Article du 3 mars 2010 – Qu’on se le dise, la neutralité du réseau sera le sujet chaud de cette année 2010. Pour s’y préparer, l’Autorité de régulation des communications et des postes (ARCEP) organise le 13 avril prochain à Paris un colloque de haut rang, qui sera très riche d’enseignements. Mais déjà rien que le programme nous en apprend beaucoup sur la vision de la neutralité du réseau qui sera présentée par l’ARCEP lors de cette journée où se rendront entre autres universitaires américains, représentants de la FCC, Pdg de France Telecom, directeur général de Bouygues Telecom, directeur de la stratégie de SFR, directeur général de Free, lobbyiste en chef de Google, membre de l’Hadopi, présidente du Forum des droits sur Internet, député, sénateur, et même secrétaire d’Etat à l’économie numérique.
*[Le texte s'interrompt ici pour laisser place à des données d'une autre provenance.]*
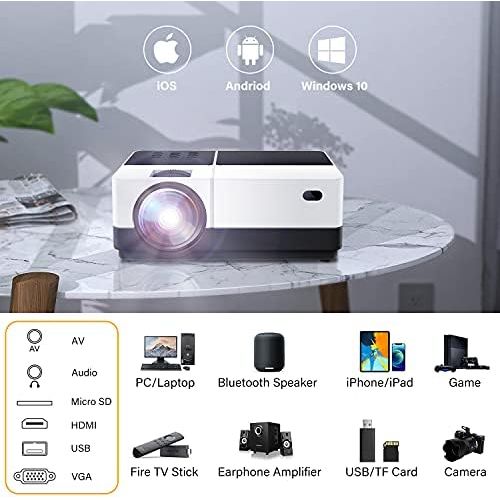  Wsky HD Projector 7500Lumens Outdoor Movie Projector with Best 84-LED Projection Technology, Dolby Sound, 1080P and 176 Display Supported, 50,000 Hrs LED Lamp Life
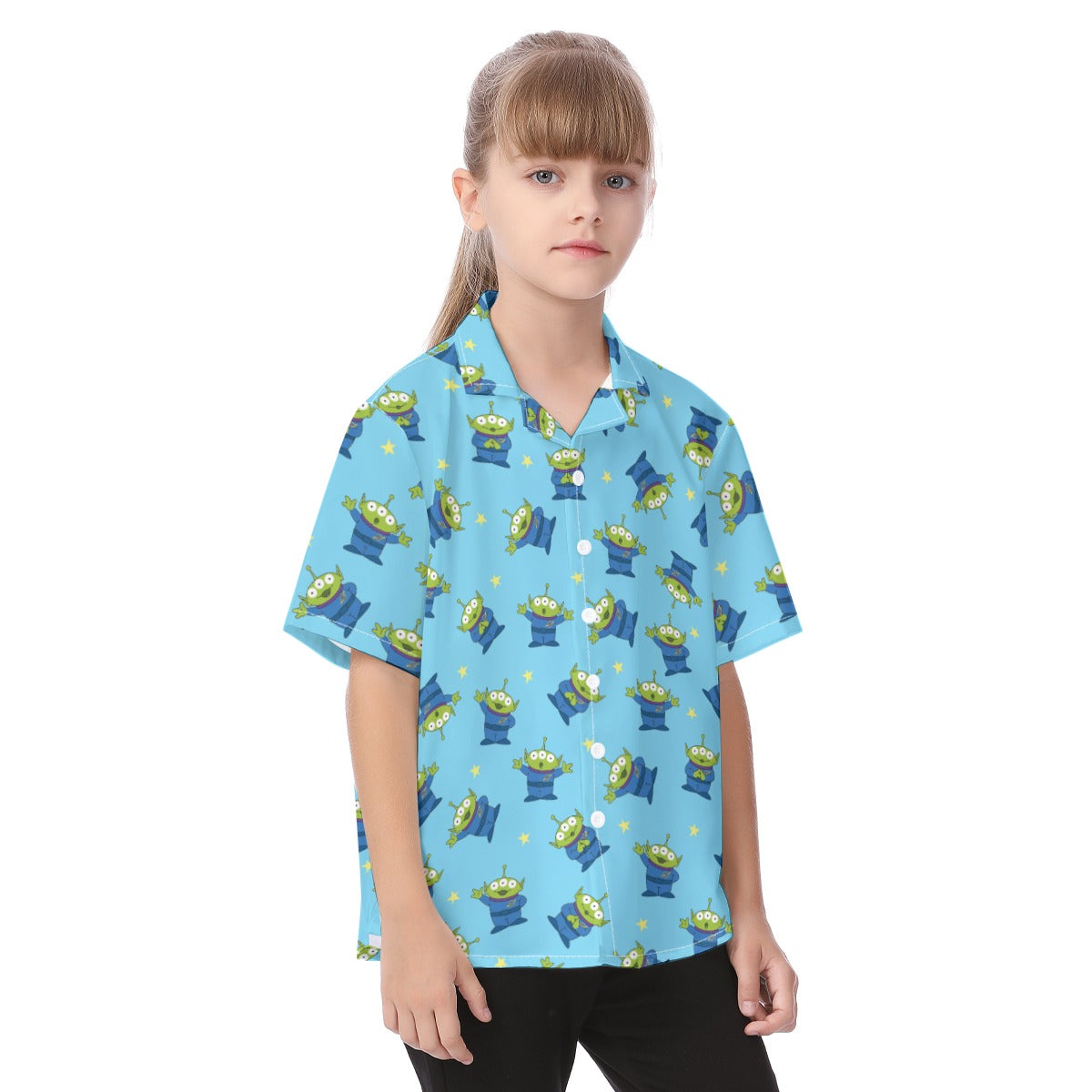 Disney Toy Story Hawaiian Kid Shirt, Aliens Button Up Cosplay, Hollywood Studios, Pixar Character Matching, Summer Vacation T-shirt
Comme le pointe du doigt Pierre Col, il y a de quoi s’inquiéter à la lecture du programme. Le débat sur la « gestion du trafic, tarification et partage de la valeur » introduit ainsi une idée de « neutralité témpérée » :
La question de la neutralité s’applique d’abord aux relations entre opérateurs de réseaux, hébergeurs et éditeurs de contenus. La gestion du trafic, nécessaire au bon fonctionnement et à l’optimisation de l’architecture des réseaux, soulève plusieurs questions : quel est l’arbitrage efficace entre » priorisations » de trafic et investissements de capacité ? La gestion du trafic peut-elle s’accompagner de différenciations tarifaires induisant une nouvelle répartition de la valeur le long de la chaîne contenants-contenus ? Quelles sont les pratiques de gestion qui respectent le mieux le principe de neutralité et conduisent à un équilibre de » neutralité tempérée » qui soit acceptable par les acteurs du marché et par les consommateurs ?
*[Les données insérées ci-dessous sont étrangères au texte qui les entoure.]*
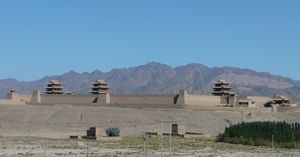 Het fort van Jiayuguan bezien langs de zuidkant.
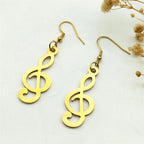 PENDRA Musicnote Gold Charm Earrings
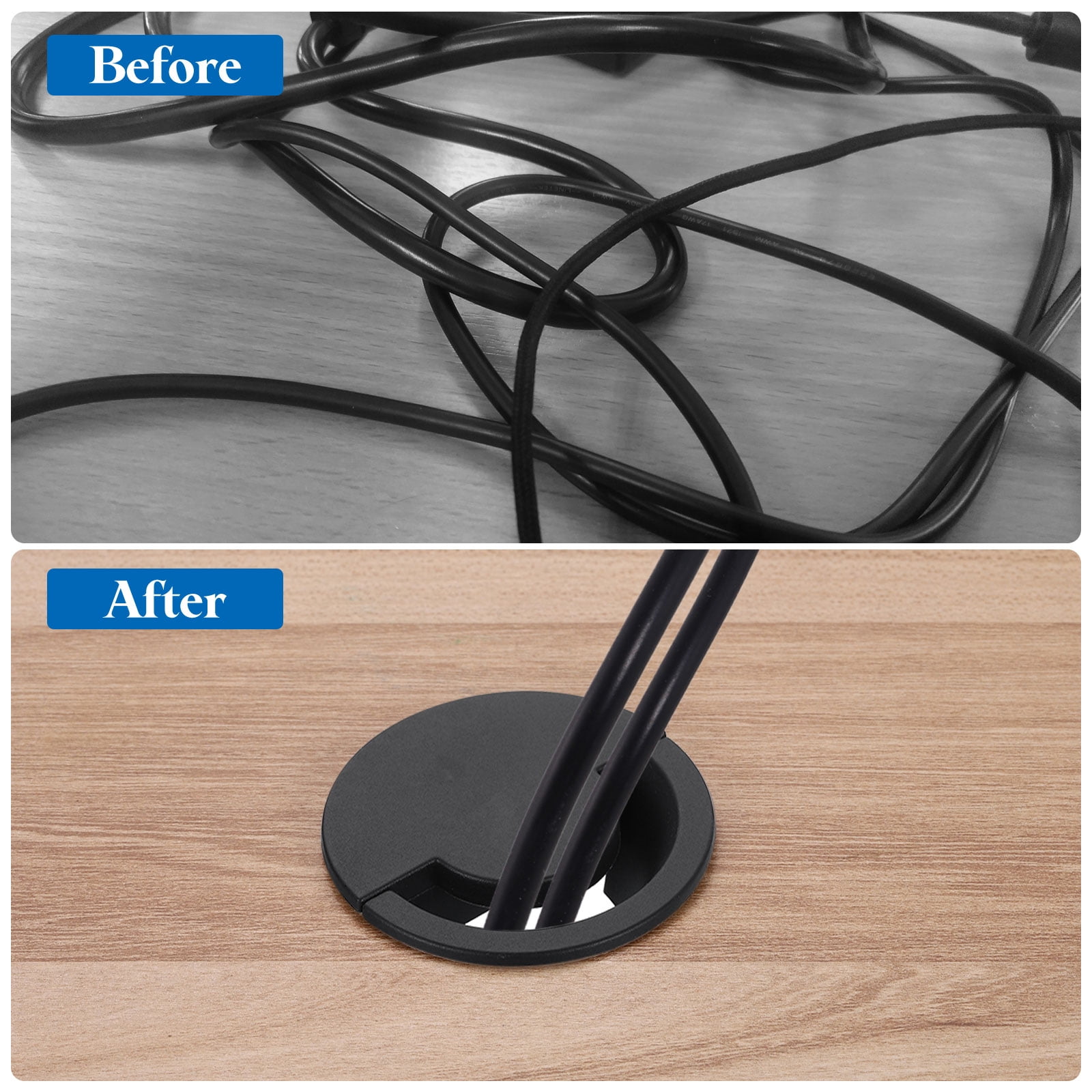 8 Pcs Desk Grommet, 87 Mm/3.43 Inch Cable Wire Grommet Organizer, Black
Idée reprise par le débat suivant, sur les « modalités d’accès aux contenus » :
La finalité essentielle des communications électroniques est l’accès des consommateurs aux contenus au travers des réseaux. Si le principe d’une neutralité tempéré, ou » quasineutralité « , garantit un accès équitable et efficace, de nombreuses questions demeurent posées quant aux modalités de mise à disposition des contenus : la prévention de comportements anticoncurrentiels, le respect de la vie privée, la protection de la propriété intellectuelle, la lutte contre les contenus illégaux, la numérisation des données, etc.
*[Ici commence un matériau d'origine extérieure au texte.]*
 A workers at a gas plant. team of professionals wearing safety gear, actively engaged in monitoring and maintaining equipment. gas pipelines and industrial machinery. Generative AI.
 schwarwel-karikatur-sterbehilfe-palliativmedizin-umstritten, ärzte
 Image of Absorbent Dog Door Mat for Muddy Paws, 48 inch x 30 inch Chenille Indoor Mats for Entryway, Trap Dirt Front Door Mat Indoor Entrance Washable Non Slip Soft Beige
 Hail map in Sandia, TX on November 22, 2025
Outre la mise comme une évidence de l’acceptation du principe d’une « quasineutralité » qui serait admise par chacun comme garantissant l’accès équitable et efficace, c’est en fait aussi et surtout la première phrase qui choque et qui est parfaitement rétrograde. « La finalité essentielle des communications électroniques est l’accès des consommateurs aux contenus au travers des réseaux ».
Comme si, comme sur la télévision de papa et le magazine de maman, la finalité d’Internet n’était que d’accéder à des contenus, pas d’en créer et d’en échanger. Or la finalité des communications électroniques, c’est bien avant tout d’échanger des informations, pas simplement d’en recevoir. La subtilité est loin d’être neutre d’un point de vue technique. C’est le sort réservé à l’upload et à des protocoles comme le P2P qui est en jeu.
Déjà le choix technique de l’ADSL relevait d’un choix idéologique. L’Asymmetric Digital Subscriber Line déséquilibre par définition le rapport entre l’upload et le download, au bénéfice de ce dernier. L’issue du débat sur la neutralité du net pourrait radicaliser cette vision, en bridant les communications qui n’arrangent pas les plans commerciaux des fournisseurs d’accès à Internet, et en particulier leurs partenariats avec certains fournisseurs de contenus.
Cette vision énoncée par l’ARCEP confirme en tout cas les craintes que nous avions lorsque Jean-Luc Silicani en a été nommé président. « Une nomination qui pourrait être lourde de conséquences pour le filtrage des contenus« , avions-nous écrit en rappelant qu’il était auparavant le président du Conseil Supérieur de la Propriété littéraire et artistique (CSPLA), qui a milité pour le filtrage des réseaux P2P.
« Si sa personne n’est pas en cause, cette nomination introduit un mélange des genres, qui ne contribuera pas à l’apaisement. Là où l’intérêt général devrait prédominer, nous craignons que des intérêts corporatistes et financiers l’emportent« , s’était d’ailleurs inquiété le député socialiste Patrick Bloche.